On November 2, 1906, William Mulholland filed a petition in the court of common pleas No. 2, for the county of Philadelphia, in which he averred that he was a qualified naturalized voter of the twentieth division, nineteenth ward, of the city of Philadelphia; that he had in his possession naturalization papers, but had mislaid them and did not find them in time to present them to the board of registrars; that on October 19, 1906, he appeared in person before the commissioners of registration and produced all proofs of his qualifications as an elector, including a certified copy of his naturalization papers, but they refused to register him as a qualified elector of his division, assigning as their reason that he should have produced naturalization papers on one of the three registering days. He prayed the court to grant him an appeal from the decision of the commissioners, and to make such order as* they might deem just and right under the circumstances. The court allowed the appeal and on November 21, 1906, indorsed on the petition; “ Name to be added,” evidently meaning to order that the name of the petitioner should be added to the registry list.

By certiorari, the board of registration commissioners for the city of Philadelphia have brought the record before us for review. As to our jurisdiction in the matter, it is settled that “ the judicial authority of this court extends to the review and correction of all proceedings of all inferior courts, except where such review is expressly excluded by statute, in accordance with the constitution:” Gosline v. Place, 32 Pa. 520. After considering the prior decisions, Justice Woodward said in Chase v. Miller, 41 Pa. 403, “ Such, then, in general, is the jurisdiction of this court, to correct all manner of errors of inferior judicial tribunals; and that is not to be taken away, except by express terms or irresistible implication.”
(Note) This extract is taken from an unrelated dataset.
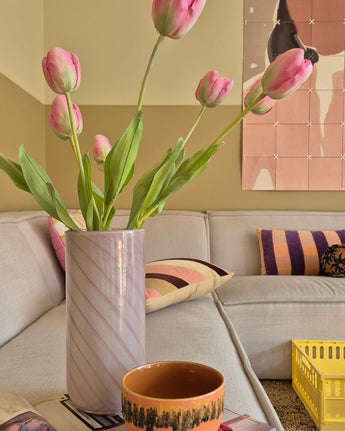Eine 63 cm große künstliche französische Tulpe in Rosa steht in einer Vase auf dem Tisch neben einer orangefarbenen Tasse in einem gemütlichen Wohnzimmer mit einem cremefarbenen Sofa, gemusterten Kissen, einer gelben Kiste und abstrakter Wandkunst im Hintergrund.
In a recent case, also arising under the election laws, Chief Justice Mitchell said: “The case having been brought to this court by certiorari, the first question is our jurisdiction. The proceeding being entirely statutory and without appeal, we cannot review the findings of fact or the merits of the case, but under the general supervisory powers of the court on certiorari we are entitled to inspect the whole record with *633regard to the regularity and propriety of the proceedings to ascertain whether the court below exceeded its jurisdiction or its proper legal discretion: ” Independence Party Nomination, 208 Pa. 108.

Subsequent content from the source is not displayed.